Far from it, analysts say.
Following three decades of economic reform, China is now a mix of wealth creation, regional rivalries and ethnic tensions, with a deep divide between the rich and poor.
Deng Xiaoping's much-vaunted reform, launched in 1979, has eroded the tight control of the Communist Party. It has also undermined the socialist ideology that gave it legitimacy, analysts say.
At the outset, Deng famously told the Chinese to look out for themselves and seek a better life.
In recent years, millions have dramatically bettered their lives.
Still, hundreds of millions believe they have been left behind by China's breakneck pace of economic growth.
Disparities in income have never been wider.
Now, there is a raft of social, political and economic problems. Crime is rising in many Chinese cities. And one issue that makes the Chinese most angry is rampant corruption.
Since many in China are seeking to make money, the result is widespread nepotism, influence-peddling, bribes, ostentatious spending and misuse of public funds.
Yet leaders face the dilemma of having to demonstrate their resolve in curbing corruption while not tarnishing the Communist Party's image and threatening its legitimacy.
If the anti-graft campaign goes too far, analysts say, the party's image is tarnished and the stability of the leadership could be jeopardized.
One pundit puts it succinctly: "If you push anti-corruption through to the end, the Communist Party will die. If you don't, the country will die."
Some critics are no longer afraid to air grievances to local and central leadership. In recent months, they have taken desperate measures to seek redress.

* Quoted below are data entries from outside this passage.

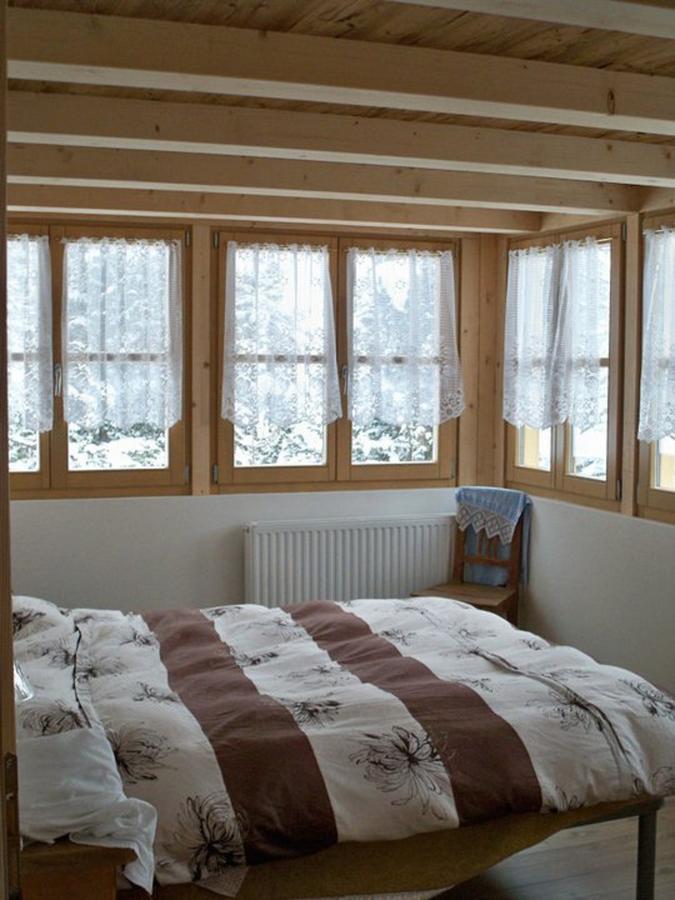Rifugio Negritella Hotell Pozza di Fassa Eksteriør bilde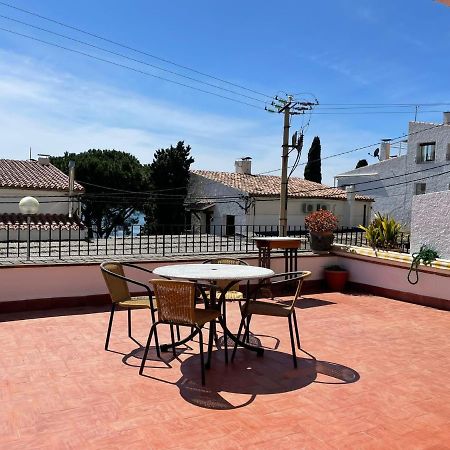 Apartamento Familiar En Canyelles Roses Eksteriør bilde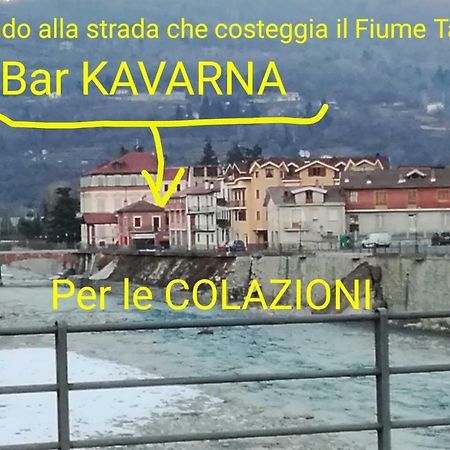 Guest House " Il Farinello " Garessio المظهر الخارجي الصورة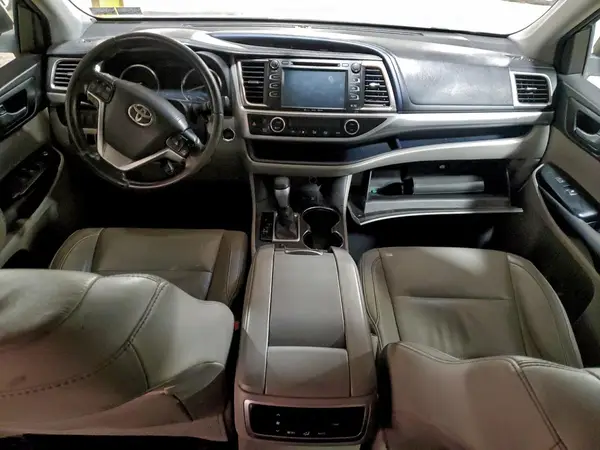 5TDJKRFH8GS297476 2016 TOYOTA HIGHLANDER - Image 8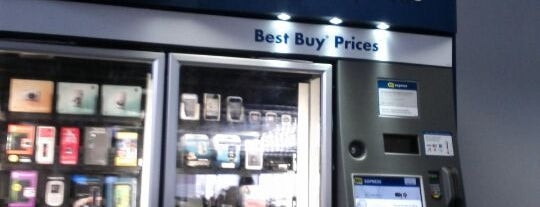 Best Buy Express is one of NM.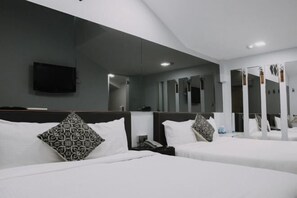 Room - Butternut Tree Hotel (Singapore)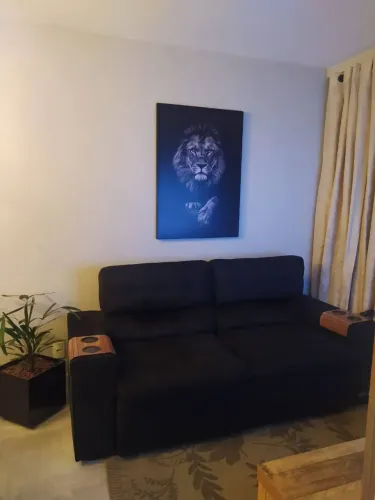 Sofá retrátil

On July 28, thousands of people in the eastern Qidong city in Jiangsu Province gathered in front of the city hall. Defying the police, they broke into the building in protest against a project to build a wastewater pipeline. Angry that the project could pollute their environment, they ransacked the government offices and man-handled senior city officials.
This incident is the latest in a series of recent embarrassments for the Chinese government -- signs, analysts say, of a fragile system fraying at its seams.
Other domestic factors, including environmental damage and slowing economic growth, all require Beijing's urgent attention.
Do current leaders have the skill, ideas and toughness to deal with them?
University of Alberta's Wenran Jiang said: "Ten years ago, when Hu Jintao and Wen Jiabao both came to power, what they first promised to the society was to fix some of the inequality issues. But ten years later, the issues have not gone away. Unless the new Party leadership can show that they can manage these problems, they will continue to face doubts from the general public."
China today has a few political and economic experiments underway, competing against each other.
With or without Bo Xilai, analysts say Beijing's leadership must find innovative and effective ways to govern a nation increasingly diverse and disunited after 30 years of reform.